Self-driving cars could increase capacity 138% with this one weird trick

Smart cars need help. Say hello to the smart intersection.

Cristian Lungu/Getty

Smart intersections could co-operate with self-driving cars to make traffic flow smoother than ever, according to research published this week.

A team at Cornell University developed a model to allow platoons of vehicles to move through intersections with no wait times. The tests showed that when cars and infrastructure can work together, the autonomous vehicle can enable far smoother traffic flow. The findings were published December 15 in Transportation Research Part B.

“Here, the rise in the capacity is 138 percent,” Oliver Gao, professor of civil and environmental engineering and a senior author of the paper, tells Inverse. “We modeled the system at its extreme point of best achievable results.”

The model was based around assuming that only autonomous cars were on the road, allowing a very small gap size to ensure the system could cope with unexpected errors. That means the 138 percent figure is a best-case scenario. The figures will vary when non-autonomous cars and other vehicles like bikes enter the mix.

“Yes, smartphone-enabled pedestrians and bikes can be considered in the mode while AVs are equipped with advanced visual analyzer systems,” Gao says.

As a potential vision for the future of transport, the concept could enable vehicles to use the same space faster than ever.

Google's prototype self-driving car.

Google

Self-driving cars of the future: how it works

The autonomous car promises to take the human driver out of the equation and let a machine do the work. This could potentially reduce the gaps in traffic. In a 2016 video, YouTuber “CGPGrey” explained how drivers braking creates traffic ripples that causes long-lasting slowdowns, the sort of problem that would be solved by machines running the show:

Researchers have produced models for optimizing intersections, but this one focuses specifically on how the autonomous car could change the situation. The smart intersection in Gao’s scenario works with the cars to ensure the infrastructure helps cars move through at speed.

“Instead of having a fixed green or red light at the intersection, these cycles can be adjusted dynamically,” Gao said in a statement. “And this control can be adjusted to allow for platoons of cars to pass.”

The simulation looked at two variables. The first is platoon size, or how many autonomous cars move as one in a tightly-formed pack. The second is marginal gap length between the departure and arrival through the intersection, creating a gap that allows for issues with synchronization. Balancing these two variables led the team to the 138 percent figure.

It sounds like a good solution to the gridlock of major cities, but other research shows it might not be so simple. A February 2019 analysis published in Transport Policy noted that autonomous cars could freely roam the streets to avoid parking fines. Even if a small fraction of people took advantage of this capability, it could be enough to cause chaos. In the simulation, adding 2,000 cars to downtown San Francisco ground traffic to an excruciating two miles per hour.

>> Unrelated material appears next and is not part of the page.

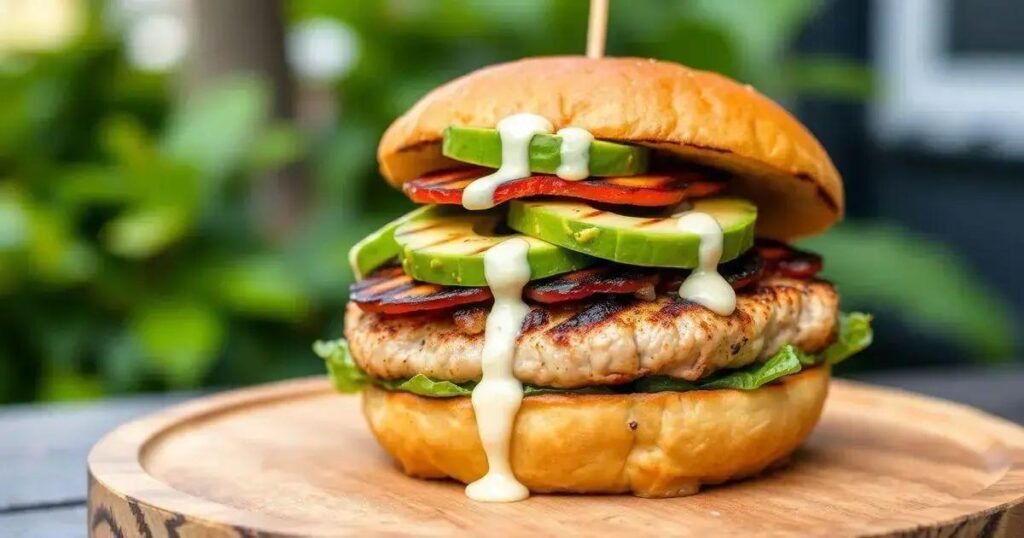Grilled Turkey Burgers with Avocado and Garlic Aioli Magic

The solution could be a complete ban on cars in downtown areas. Amos Haggiag, CEO of the transportation startup Optibus, told Inverse in February 2018 that, faced with a slew of inefficiently-sized boxes driving around, cities will begin to “massively and probably aggressively favor mass transportation over taxis and private vehicles.”

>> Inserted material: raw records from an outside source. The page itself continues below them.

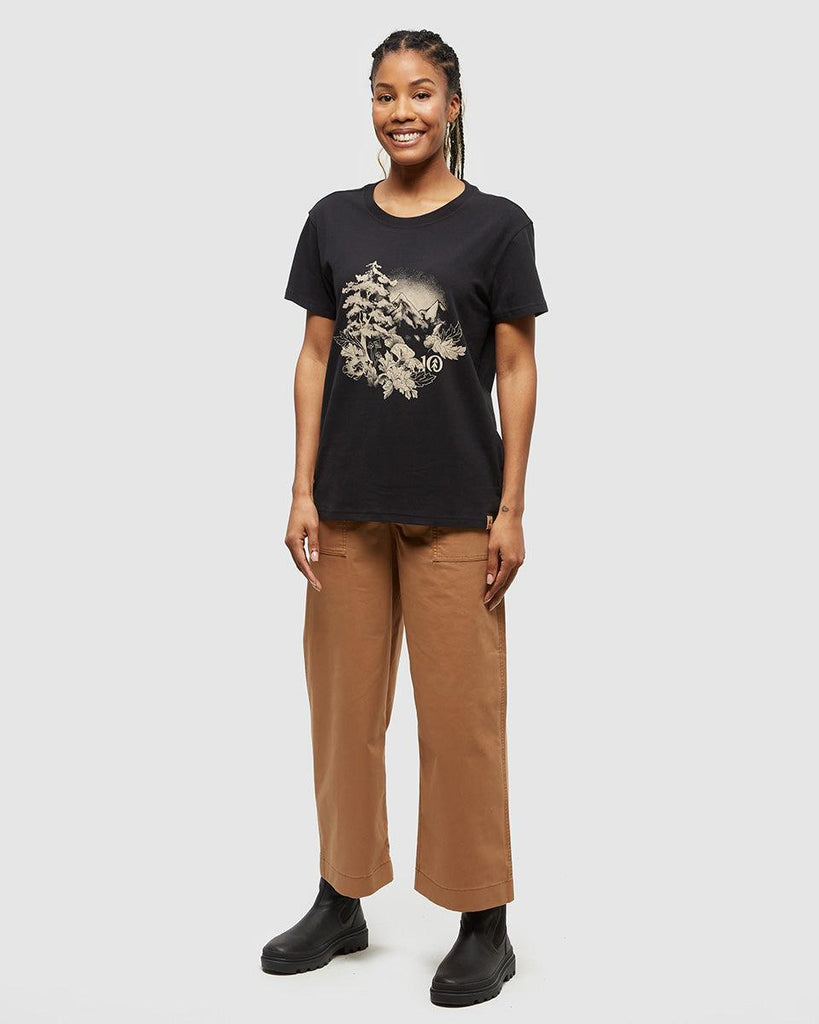 Tentree Regenerative Forest Sprawl T-shirt In Meteorite Black/ Warm Oak-The Trendy Walrus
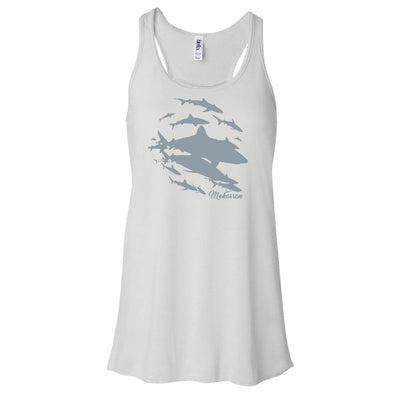 Dos nageurs plongée femme mur de requin blanc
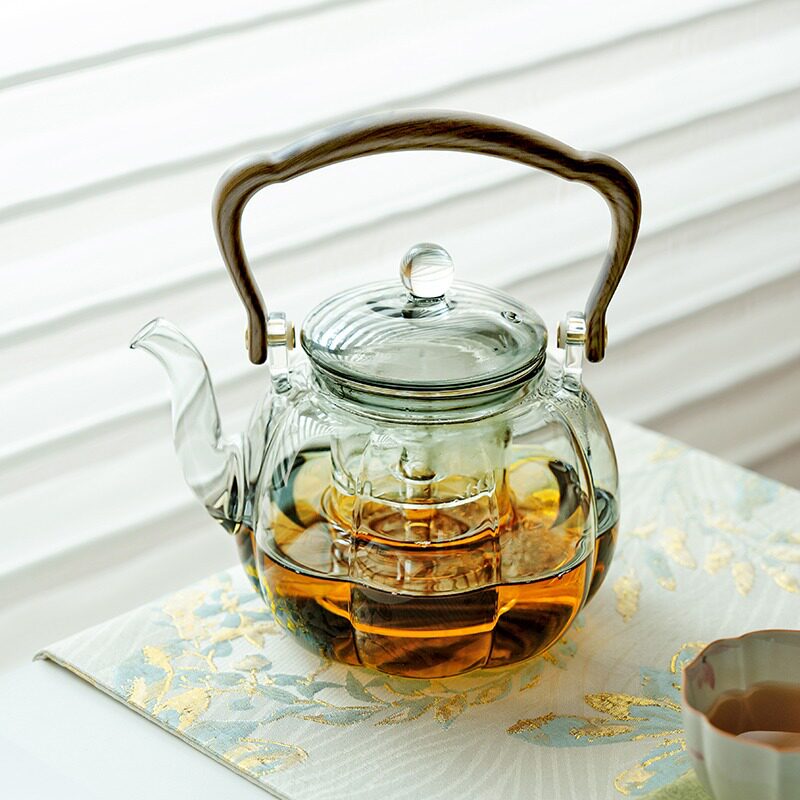 新款围炉高硼硅玻璃煮茶壶烧水壶家用加厚耐热蒸煮茶壶防烫煮茶器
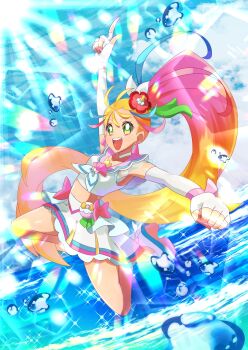 Rule 34 | 1girl, absurdres, arm up, blonde hair, commentary request, cure summer, eyelashes, fingerless gloves, gloves, gradient hair, green eyes, highres, index finger raised, long hair, magical girl, midriff, multicolored hair, ocean, omega takai, open mouth, precure, shirt, skirt, solo, tropical-rouge! precure, white gloves, white shirt, white skirt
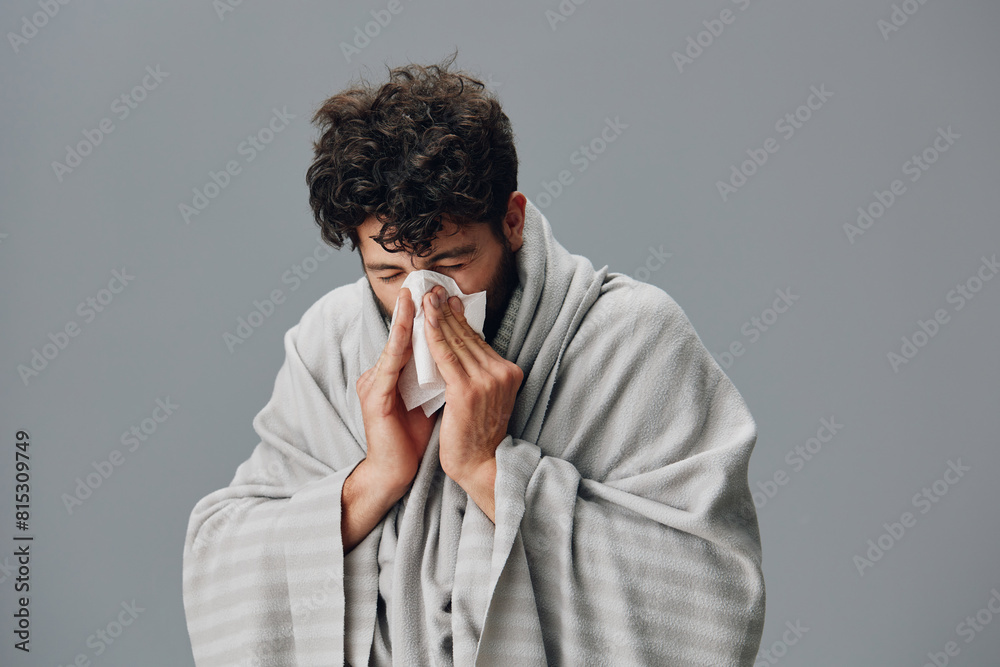 Man guy care male home adult sick person caucasian young health sad handsome Man guy care male home adult sick person caucasian young health sad handsome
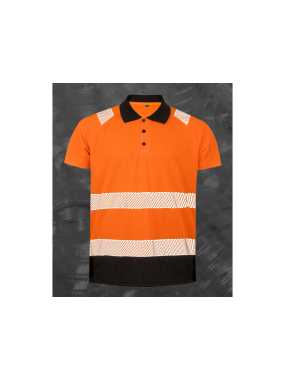 Reflexná polokošeľa(RESULT Genuine Safe-Guard Safety Polo)>oranžová / čierna>4XL/5XL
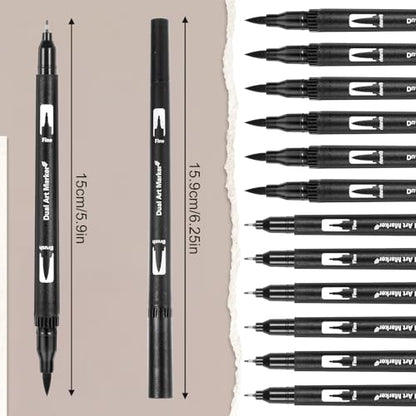 Sibba 12 Pack Black Drawing Pens Black Markers for Drawing Dual Tip Brush Fineliners Pens Fine Point Washable Brush Tip Markers for Adults Art Drawings Sketching Journaling Calligraphy Dooding Marking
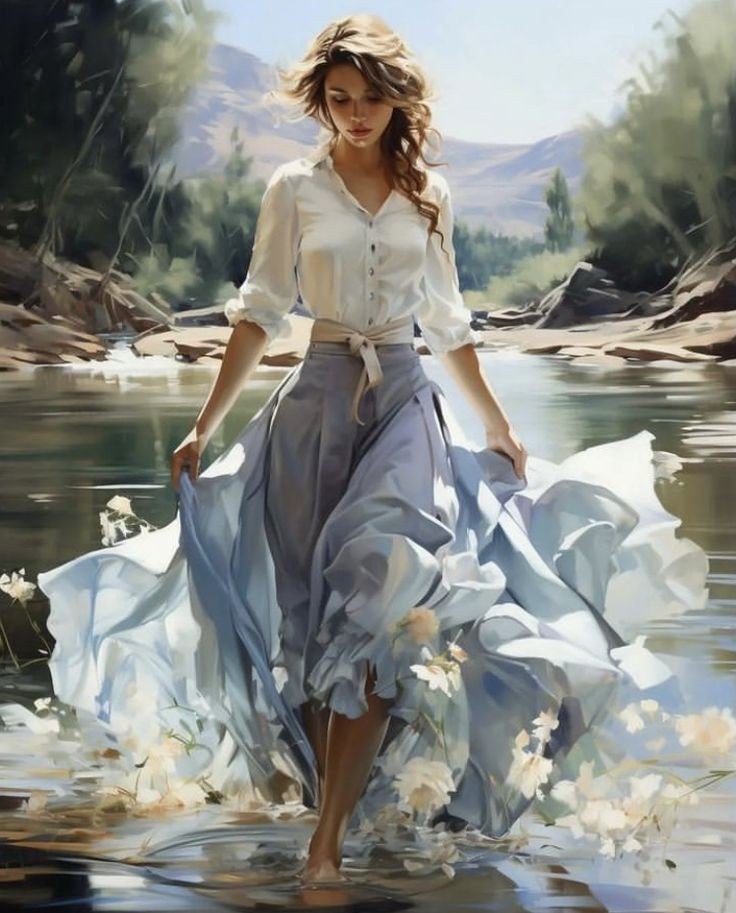 Полуденная свежесть - в голубом, река, вода, женщина, девушка, цветы - оригинал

With autonomous vehicles set to hit the road in the 2020s — depending on whether automakers overpromise and under-deliver again — cities have some time left to work out the answer to questions like these.

Abstract:
Recent advances in artificial intelligence and wireless communication technologies have created great potential to reduce congestion in urban networks. In this research, we develop a stochastic analytical model for optimal control of communicant autonomous vehicles (CAVs) at smart intersections. We present the automated network fundamental diagram (ANFD) as a macro-level modeling tool for urban networks with smart intersections. In the proposed cooperative control strategy, we make use of the headway between the CAV platoons in each direction for consecutive passage of the platoons in the crossing direction through non-signalized intersections with no delay. For this to happen, the arrival and departure of platoons in crossing directions need to be synchronized. To improve system robustness (synchronization success probability), we allow a marginal gap between arrival and departure of the consecutive platoons in crossing directions to make up for operational error in the synchronization process. We then develop a stochastic traffic model for the smart intersections. Our results show that the effects of increasing the platoon size and the marginal gap length on the network capacity are not always positive. In fact, the capacity can be maximized by optimizing these cooperative control variables. We analytically solve the traffic optimization problem for the platoon size and marginal gap length and derive a closed-form solution for a normal distribution of the operational error. The performance of the network with smart intersections is presented by a stochastic ANFD, derived analytically and verified numerically using the results of a simulation model. The simulation results show that optimizing the control variables increases the capacity by 138% when the error standard deviation is 0.1 s.

Update 12/20 11 a.m. Eastern time: An earlier version of this article stated that the system would reduce congestion by 138 percent. It has since been amended.